Kerugian negara dari ekspor timah ilegal dihitung mengalikan selisih jumlah (MT) dengan realisasi rerata harga timah (Free On Board) pertahun. Secara umum harga jual timah mengalami kenaikan dari tahun ke tahun, yaitu US$ 7.059 per ton pada tahun 2004 menjadi US$ 22.159 per ton pada tahun 2013.
Total volume ekspor timah ilegal dari tahun 2004 – 2013 sebanyak 301.800 MT dengan nilai penjualan sebesar US$ 4,368 miliar (setara dengan Rp 50,121 triliun). Maka dugaan kerugian negara adalah sebagai berikut :
1.Kewajiban pembayaran royalti sebesar 3% dari nilai penjualan, maka kerugian negara dari royalti timah adalan = 3% X US$ 4,368 miliar = US$ 130,752 juta
2.Kewajiban pembayaran pajak penghasilan badan (PPh badan):
– Dengan menggunakan asumsi rerata laba sebelum pajak perusahaan/smelter timah adalah 20%.
– Tarif pajak badan yang berlaku sebagai berikut :
2004 – 2008 sebesar 30%
2009 sebesar 28%
2010 – 2013 sebesar 25%
Formula menghitung kewajiban pajak badan = laba sebelum pajak X tarif pajak X nilai penjualan, sehingga selama periode tahun 2004 – 2013 nilai kerugian dari potensi PPh badan ekspor timah ilegal adalah senilai US$ 231,998 juta (setara dengan Rp 2,667 triliun).
Total dugaan kerugian negara dari ekspor timah ilegal sepanjang tahun 2004 – 2013 adalah sebesar US$ 362,750 juta atau setara dengan Rp 4,171 triliun (dengan kurs 1 US$ adalah Rp 11.500).
Setelah melakukan penelusuran dan perbandingan data volume ekspor timah maka didapati:
– Selama periode 2004 – 2015, total volume ekspor timah (HS 8001 dan 8003) yang tercatat pada pemerintah sebanyak 1.175.582 MT (rerata 97.965 MT/th).
Sementara berdasarkan data pabean dan statistik perdagangan periode 2004 – 2015 dari seluruh negara pembeli (importir) timah yang berasal dari indonesia didapat total volume timah (HS 8001 dan 8003) adalah 1.565.260 MT (rerata 130.438 MT/th).

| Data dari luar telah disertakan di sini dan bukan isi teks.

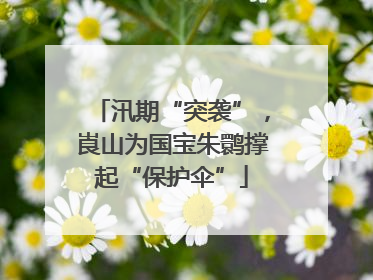 汛期“突袭”，崀山为国宝朱鹮撑起“保护伞”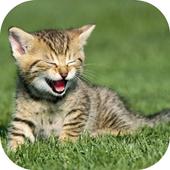 Cats Wallpaper icon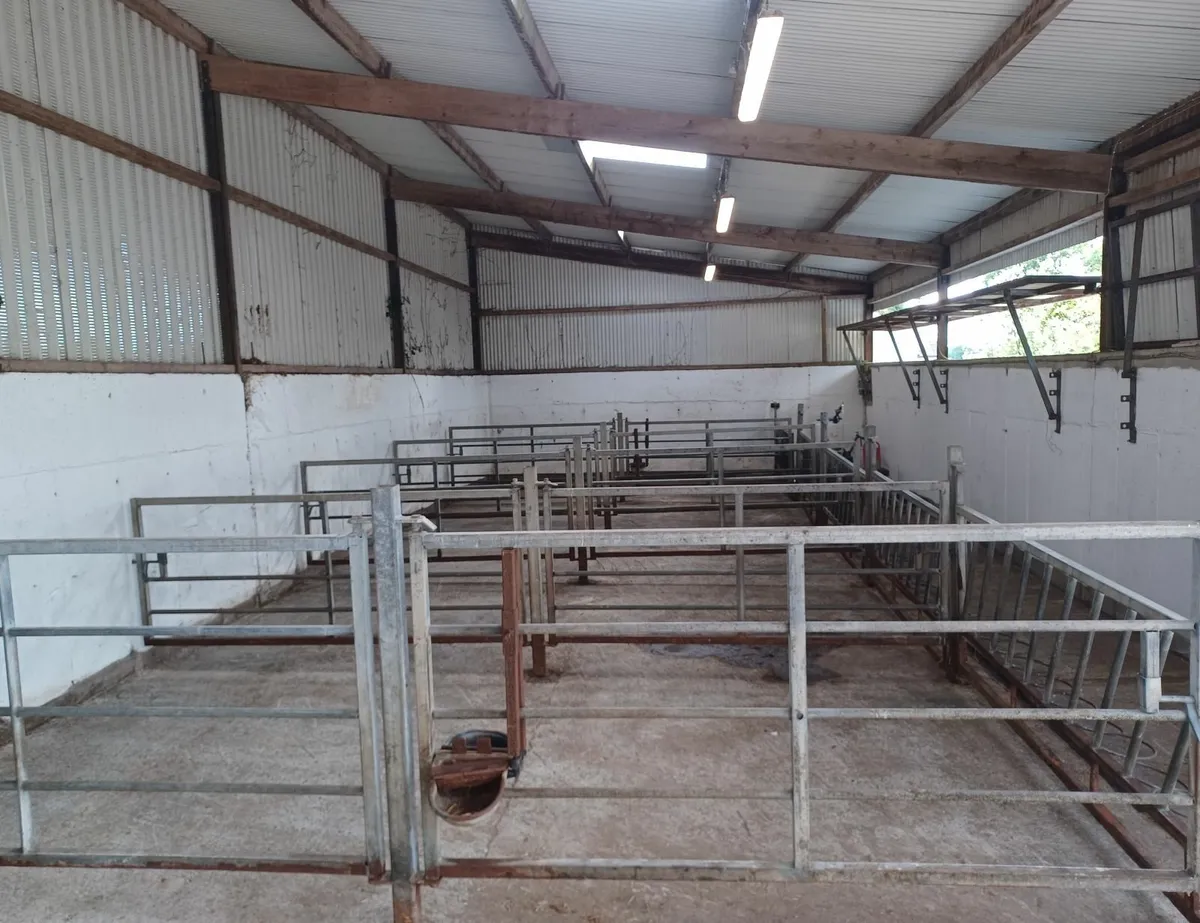 Calf house gates for sale - Image 1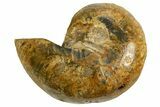 Cut & Polished Jurassic Nautilus Fossil (Half) - Madagascar #339275-1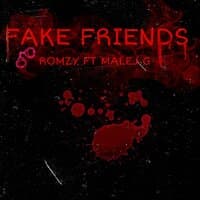 Fake Friends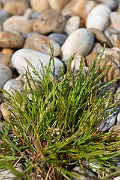 David Plant Photography - Wildlife Photography - Sea fern-grass - B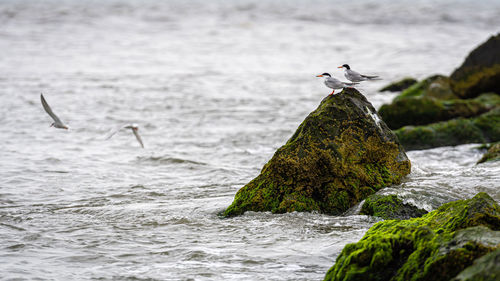 Seagull on rock in sea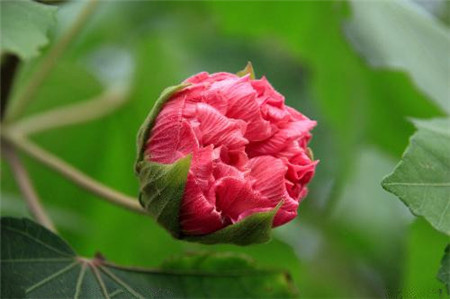 木芙蓉的病虫害防治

– Kesimpulan: adanya indikasi penjualan timah tidak tercatat (ilegal) periode 2004 – 2015 sebanyak 389.678 MT (rerata 32.473 MT/th). Atau dengan kata lain selama periode yang sama, 24,9% realisasi ekspor timah indonesia tidak tercatat atau ilegal.
Jika dilihat dari sisi nilai (value) maka nilai perdagangan timah (HS 8001 dan 8003) yang tidak tercatat selama periode 2004 – 2015 adalah US$ 5,297 miliar. Atau dengan menggunakan kurs Rp 13.000 per US$ setara dengan Rp 68,864 triliun. Dimana rincian tiap tahun dapat dilihat pada tabel diatas.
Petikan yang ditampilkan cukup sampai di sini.